Uniformity

Generates an Engine for any external service you're using in a Ruby on Rails application.

The engine should contain all your code specific to the service. Now your main application is free of an untold number of implicit dependencies. Instead, it has just one: the engine that neatly sits inside the application's folder. Ditch the service by ditching only the engine. Never wonder where any change in relation to the service should go.

The beauty of this approach is that the engine behaves just a regular Rails application, with all the familiar folders for models, controllers, views, jobs, etcetera. The generated engine is namespaced so that it never clashes with any official Gem provided by the service. It also follows best practices so you don't have to.

Installation

Add this line to your application's Gemfile:

gem 'uniformity', group: :development

And then execute:

$ bundle

Usage

Imagine you want to use the fictional external service Space Babies. Run this command:

rails generate uniformity:space_babies

Put all the code using this service in the engines/space_babies directory. Use any Rails design pattern you need. A few empty classes using the correct namespace are generated for you as a starting point.

Dependencies

If your code depends on a gem, put those in the engine's gemspec and not in your main app. Make sure your main app has just the one dependency on the engine.

After generatin', you can remove Uniformity from your Gemfile if you want. The generated engine has no dependencies whatsoever, outside from Rails. There is no harm in leaving Uniformity enabled either, since it has no run-time code.

Contributing

This project is intended to be a safe, welcoming space for collaboration, and contributors are expected to adhere to the code of conduct.

Bug reports and pull requests are welcome on GitHub at https://github.com/spacebabies/uniformity.

After checking out the repo, run bin/setup to install dependencies. Then, run rake spec to run the tests.
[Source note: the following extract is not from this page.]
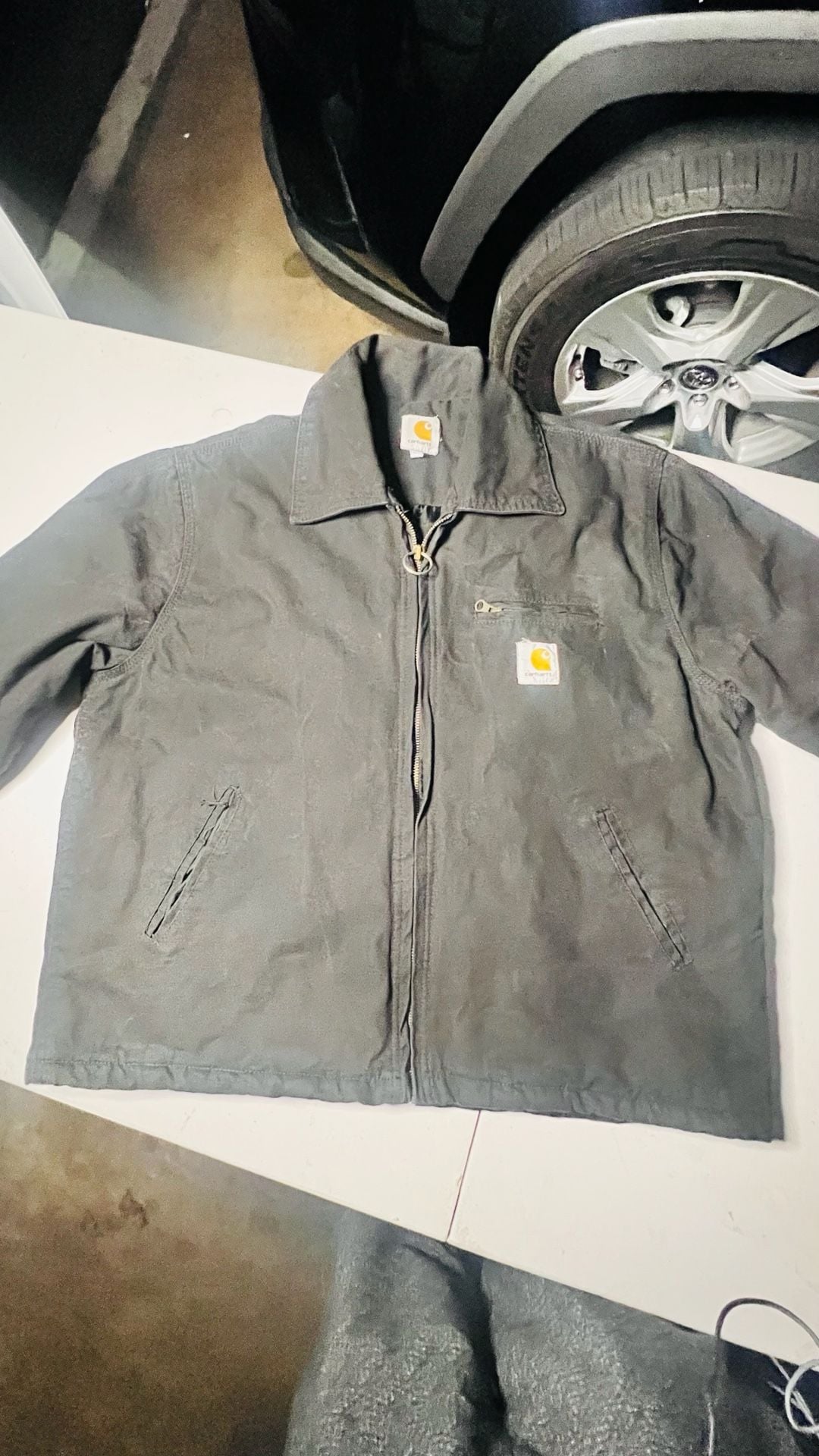 Vintage Carhartt J01 Detroit Duck Canvas Blanket-Lined Work Jacket 11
You can also run bin/console for an interactive prompt that will allow you to experiment.

To install this gem onto your local machine, run bundle exec rake install. To release a new version, update the version number in version.rb, and then run bundle exec rake release, which will create a git tag for the version, push git commits and tags, and push the .gem file to rubygems.org.

License

The gem is available as open source under the terms of the MIT License.